According to county documents, due to the substantial number of solar facility applications the county has received, the time and expense of reviewing and working on the applications, and the substantial impact which previously permitted CUPs may have on the county, the BOS is requesting that the County Planning Commission and the Solar Committee conduct a study on the impact of solar facilities in the county.
There was no timeline stated as to when the study should be completed; however, documents show that until that time no CUPs will be granted to solar developers.

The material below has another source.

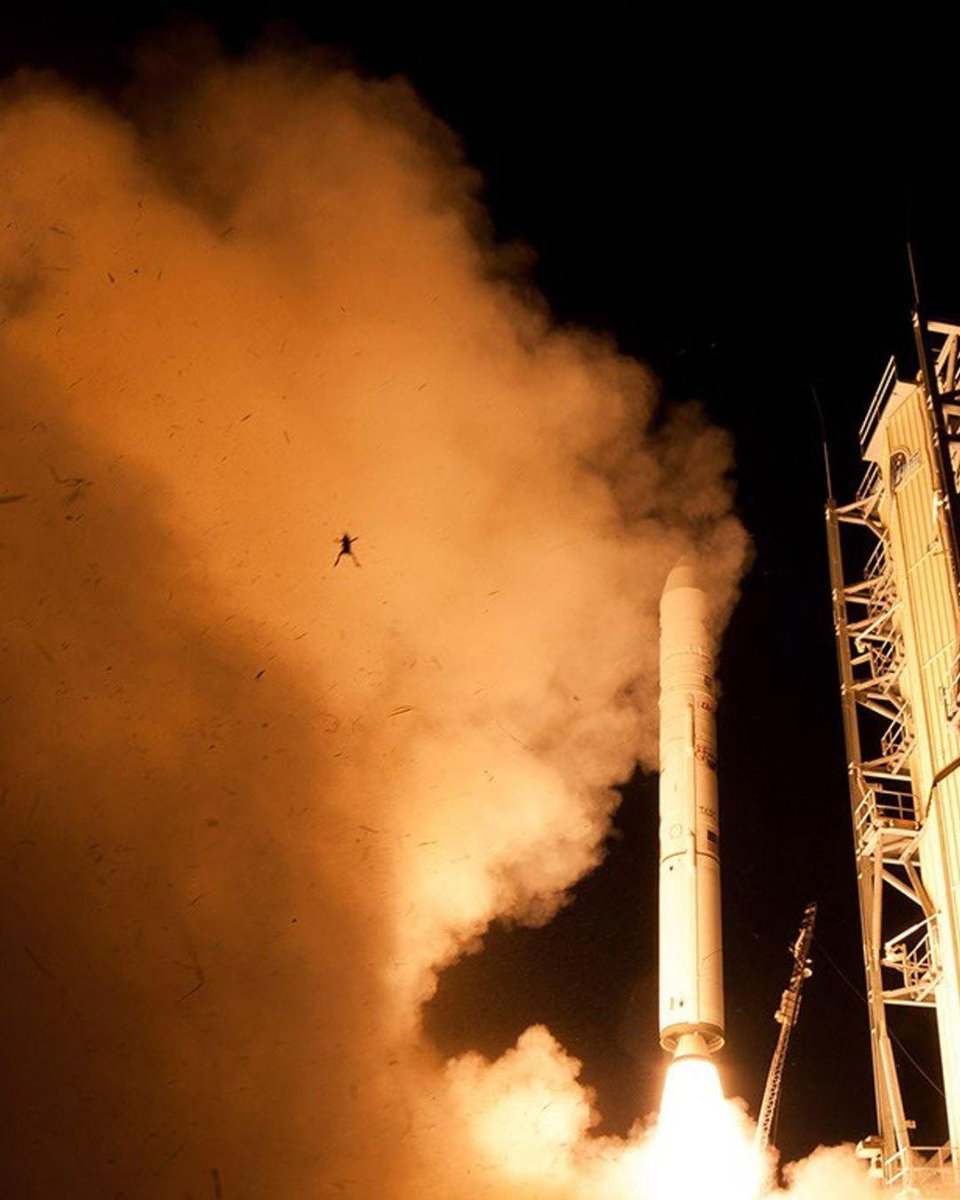 astrophilesz tweet media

Once complete the BOS will consider recommendations made by the Planning Commission and the Solar Committee and may amend the County’s Comprehensive Plan, Zoning Ordinance, and/or Solar Facilities Ordinance.
To date, no solar facilities have been constructed in the county. However, Red Brick Solar has already paid out over $1 million in funds to the county since the BOS approved their CUP.

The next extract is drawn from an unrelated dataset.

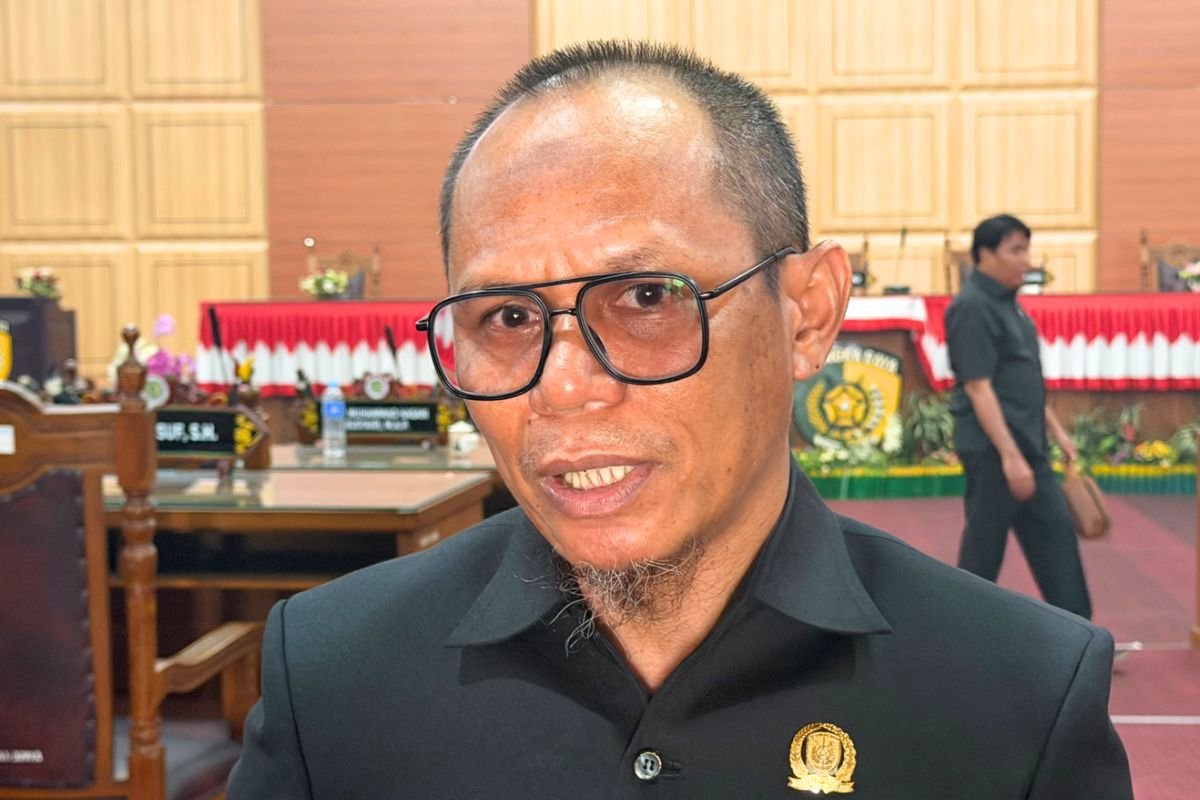 Wakil Ketua II Komisi I DPRD Kota Palangka Raya Syaufwan Hadi |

Red Brick is expected to begin construction sometime next year.
In addition, developers Apex Solar and ESA Solar Developers plan to construct and operate a 4-megawatt medium-scale solar facility on Dogwood Lane located just outside of Kenbridge.
Yet another developer, Palladium Energy, LLC, a Florida-based renewable energy development and investment company, has submitted a Conditional Use Permit (CUP) application to the county proposing to construct a 60-megawatt facility.
According to the developer’s CUP application, the project, known as Wheelhouse Solar, will produce enough electricity to power about 15,000 homes.
Application documents state that the facility will be located on approximately 676 acres between Fowlkes Rd. and Couches Creek Rd. in the Meherrin River District of the county.
Virginia’s solar facilities now generate about 2,667 megawatts, which is enough to power more than 530,000 homes, according to the Virginia Department of Energy.
To date, Virginia has 52 active solar facilities that generate more than 5 megawatts of power.